The GOP performance defied early expectations that Republicans' historic 2010 gains would be followed by steep losses this November — the historical pattern after large wave elections such as the 63-seat gain for Republicans two years ago.
Experts have noted that the Republican strategy after 2010 was to use the decennial process of redistricting to fortify as many of the 87 freshmen as possible for the 2012 races. Rather than trying to seek large gains, Boehner's team worked with GOP-controlled state legislatures, which draw district maps, to shore up those freshmen in new districts.
Of the more than 80 Republican freshmen standing for reelection, more than half had been reelected by late Tuesday.
Both parties hoped to notch several historical firsts in the election.

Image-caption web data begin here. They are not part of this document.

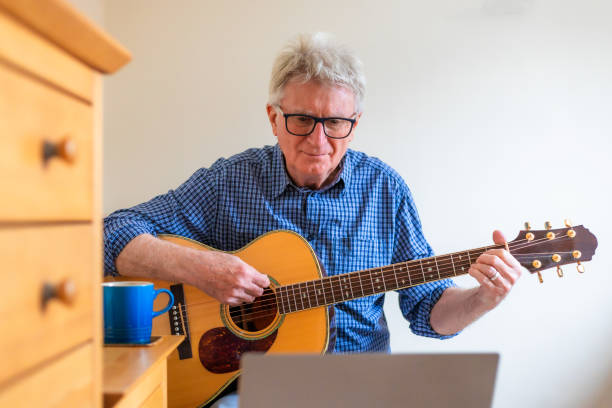 istock Senior man learning to play acoustic guitar by watching online video tutorial on laptop 2185399541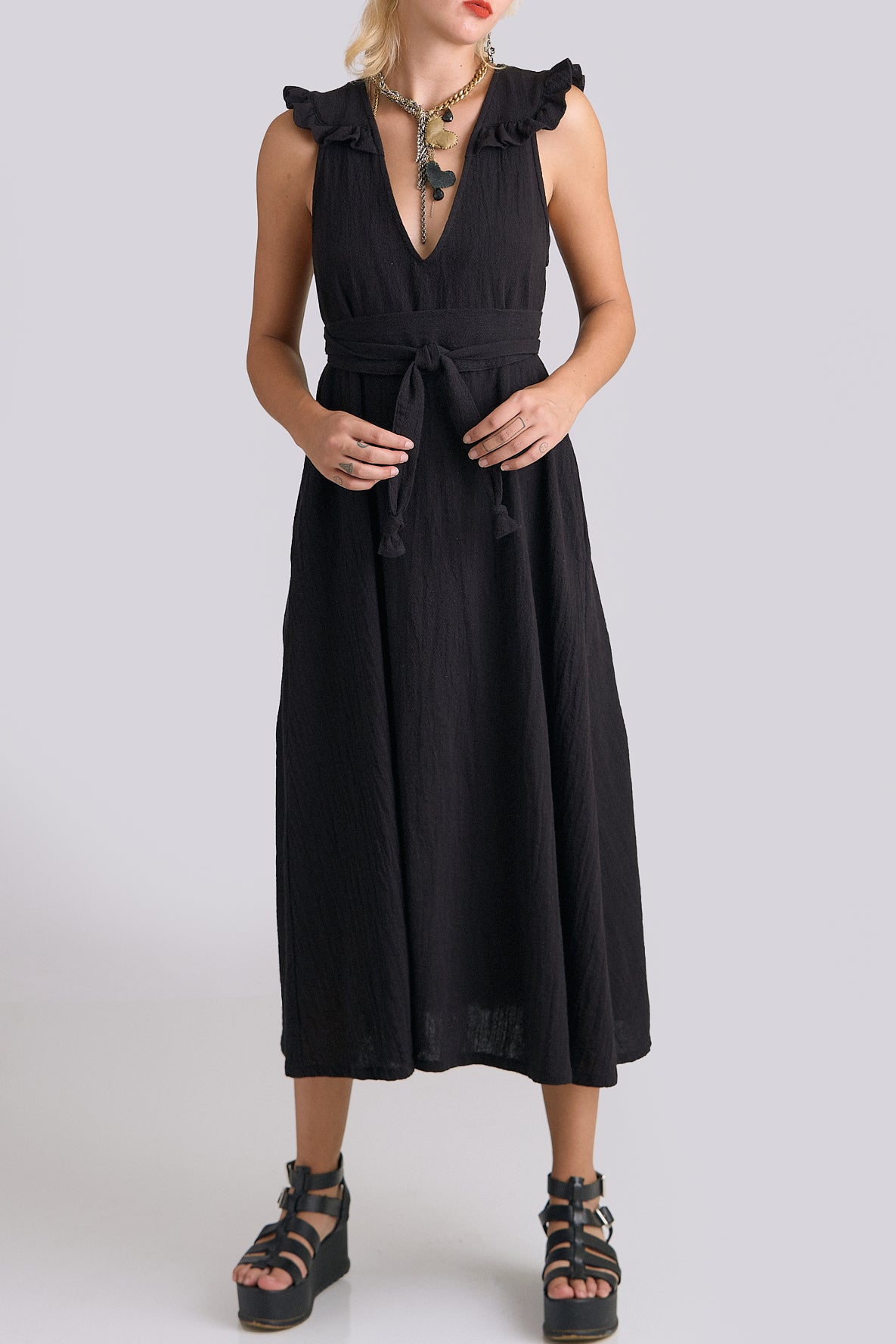 Black dress worn by a person on a white background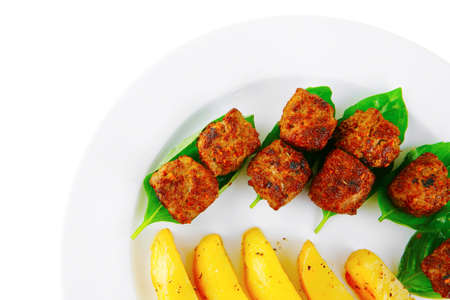 served meatballs on basil leaf with gold potatoesの写真素材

In the North Shore of Massachusetts, former state senator Richard Tisei was in a tight race against a veteran, scandal-plagued incumbent in his bid to become the first Republican to win as an openly gay candidate. With more than 50 percent of the vote counted, Rep. John Tierney, D, led Tisei by less than 4,000 votes. In Utah, Mia Love, the mayor of Saratoga Springs, was in a tossup race with Rep. Jim Matheson in her effort to become the first black Republican woman elected to Congress. In Hawaii, Democrat Tulsi Gabbard was the favorite to win an open seat and become the first Hindu-American in Congress.
Gabbard's expected victory is part of the continuing diversification of House Democrats that most believe will leave their caucus of close to 200 members with a majority of women and minorities. If that occurs, it will be the first time in history that a House or Senate party caucus does not have a white male majority.